→ **Data to examine**
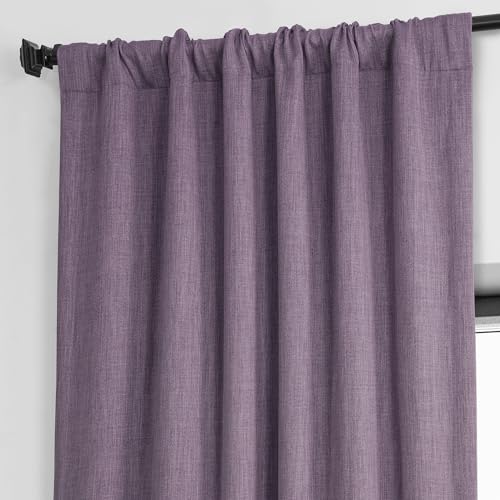 Image of HPD Half Price Drapes - Faux Linen Curtains for Living Room (1 Panel) - 50W X 120L - Textured Room Darkening Curtains for Bedroom 120 Inches Long - Drapes for Home Decor, Iris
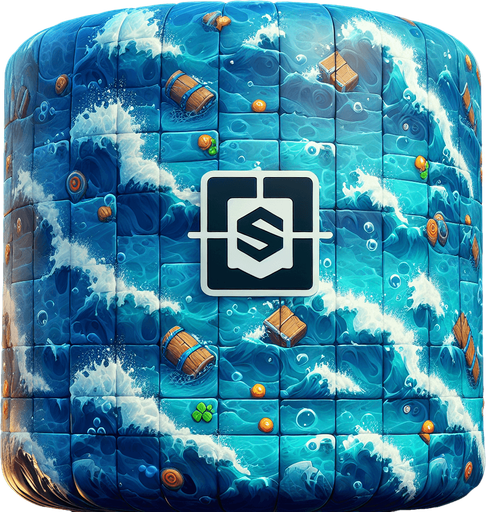 Water.
Single Game Texture.  In-Game asset.  2d.  Blank background.  High contrast.  No shadows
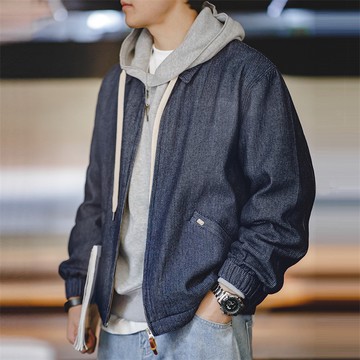 馬登工裝 美式復古牛仔boxy教練夾克cityboy寬鬆翻領外套男春秋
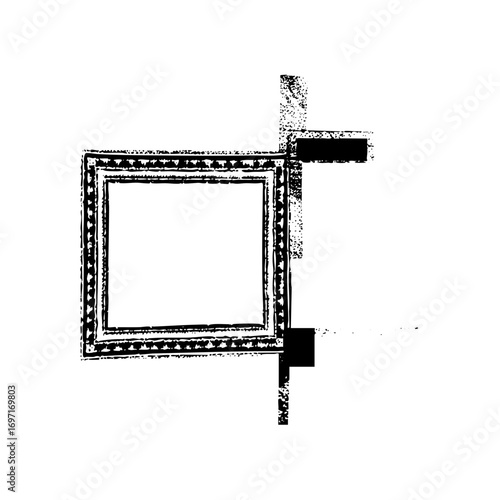 Vector Geometric frame with decorative border and connecting rectangle.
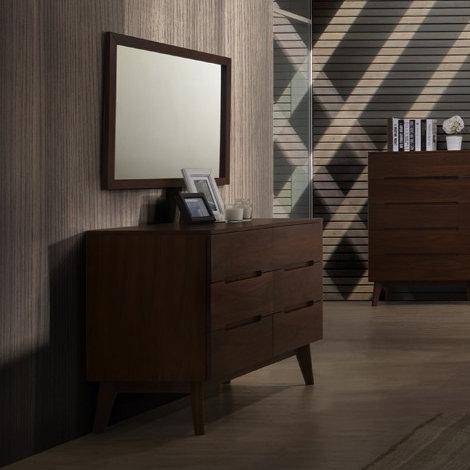 Corrigan Studio Drumnacole Mid Century 6 Drawer Dresser With Drumnacole Mid Century 6 Drawer Dresser With Mirror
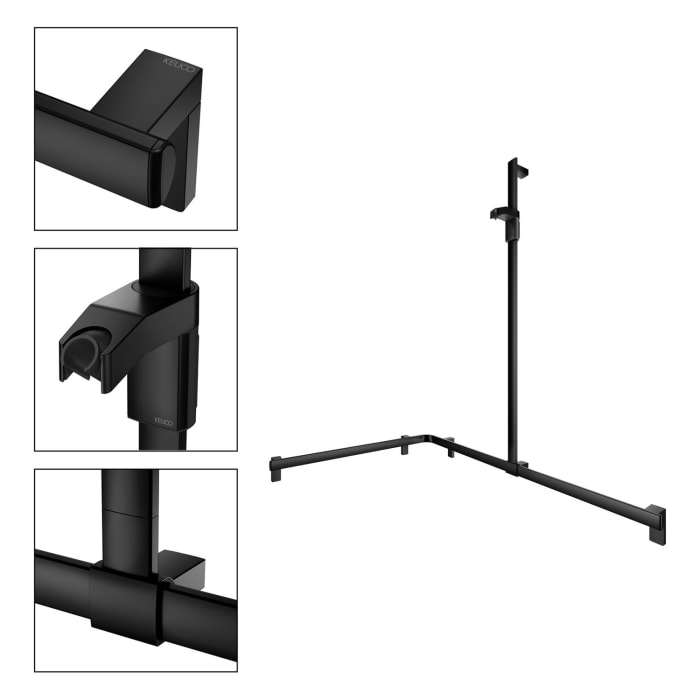 Keuco AXESS Eck-Duschhandlauf 90° mit Brausestange, 115 x 85 x 130,1 cm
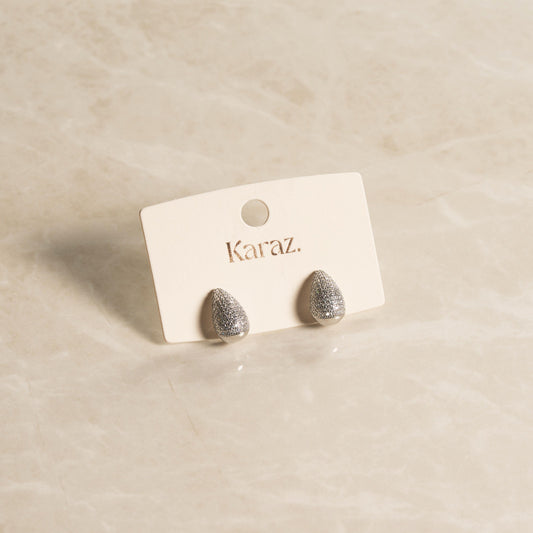 Aretes Plateados Brillantes Karaz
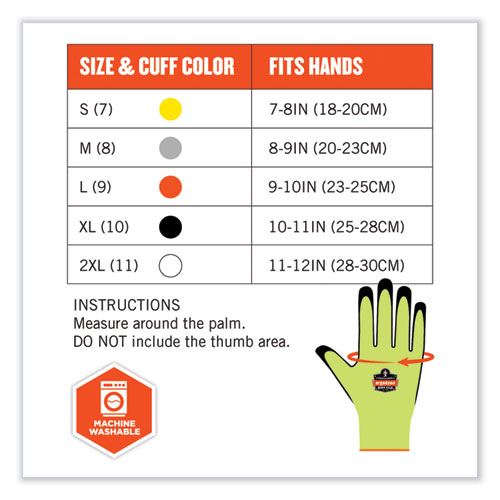 Picture of ProFlex 7021 Hi-Vis Nitrile-Coated CR Gloves, EN388: 4342B, 8.75" Long, Medium, Lime, Pair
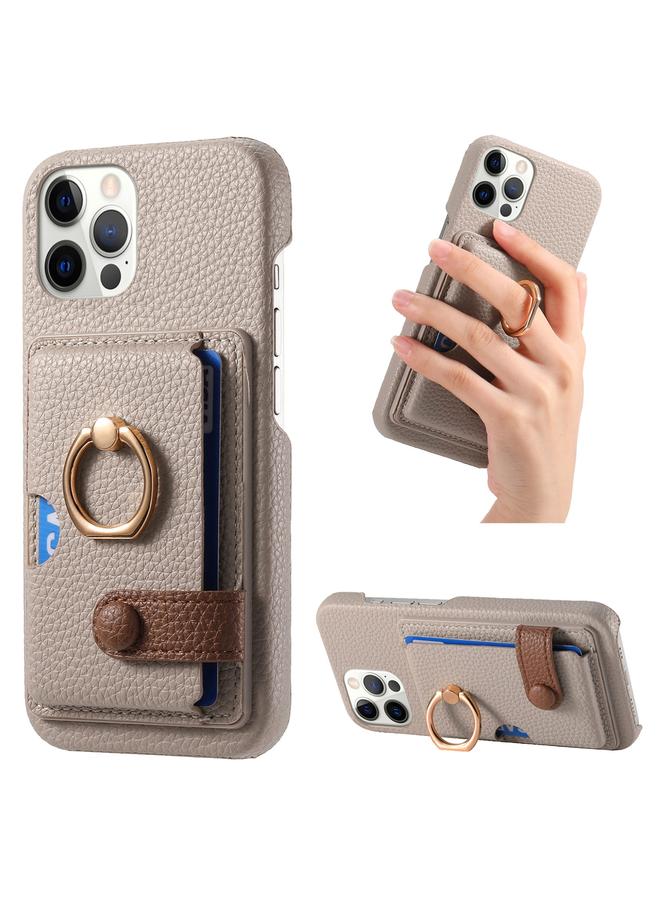Zaboon Case For iPhone 12 Pro Max Litchi Leather Oil Edge Ring Card Back Phone Case - Image 1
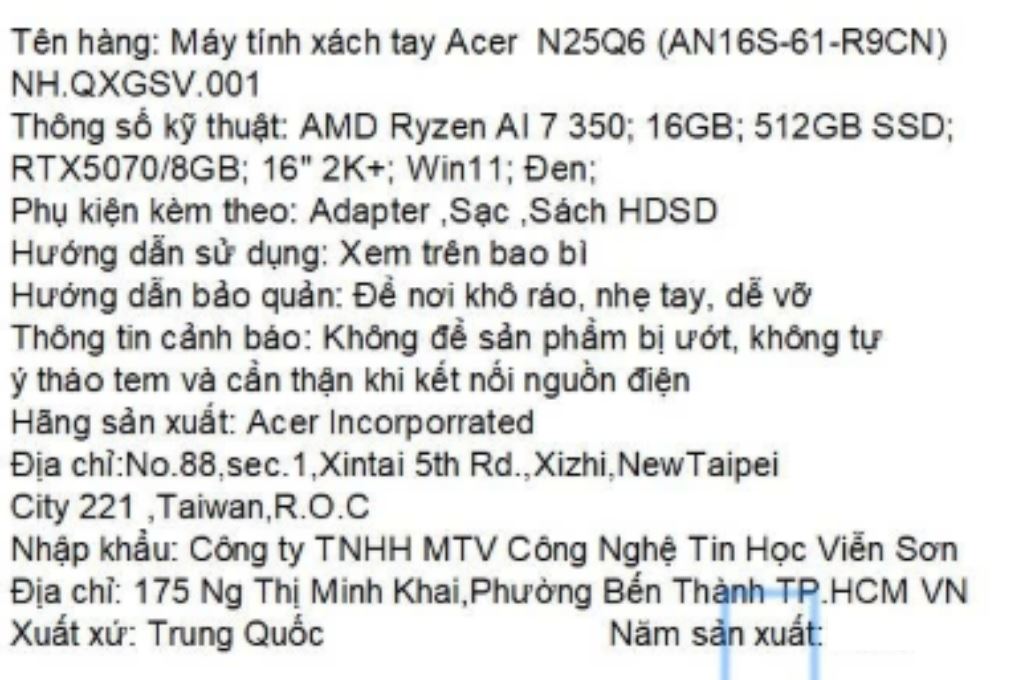 Laptop Acer Gaming Nitro ProPanel AN16S-61-R9CN - NH.QXGSV.001 (Ryzen AI 7 350, 16GB, 512GB, RTX 5070 8GB, 2K+ 180Hz, Win11) Màu Đen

→ **How to complete this task**
Please give all of the material again, exactly, without the images.

→ **Solution**
 Image of HPD Half Price Drapes - Faux Linen Curtains for Living Room (1 Panel) - 50W X 120L - Textured Room Darkening Curtains for Bedroom 120 Inches Long - Drapes for Home Decor, Iris
 Water.
Single Game Texture.  In-Game asset.  2d.  Blank background.  High contrast.  No shadows
 馬登工裝 美式復古牛仔boxy教練夾克cityboy寬鬆翻領外套男春秋
 Vector Geometric frame with decorative border and connecting rectangle.
 Corrigan Studio Drumnacole Mid Century 6 Drawer Dresser With Drumnacole Mid Century 6 Drawer Dresser With Mirror
 Keuco AXESS Eck-Duschhandlauf 90° mit Brausestange, 115 x 85 x 130,1 cm
 Aretes Plateados Brillantes Karaz
 Picture of ProFlex 7021 Hi-Vis Nitrile-Coated CR Gloves, EN388: 4342B, 8.75" Long, Medium, Lime, Pair
Zaboon Case For iPhone 12 Pro Max Litchi Leather Oil Edge Ring Card Back Phone Case - Image 1
 Laptop Acer Gaming Nitro ProPanel AN16S-61-R9CN - NH.QXGSV.001 (Ryzen AI 7 350, 16GB, 512GB, RTX 5070 8GB, 2K+ 180Hz, Win11) Màu Đen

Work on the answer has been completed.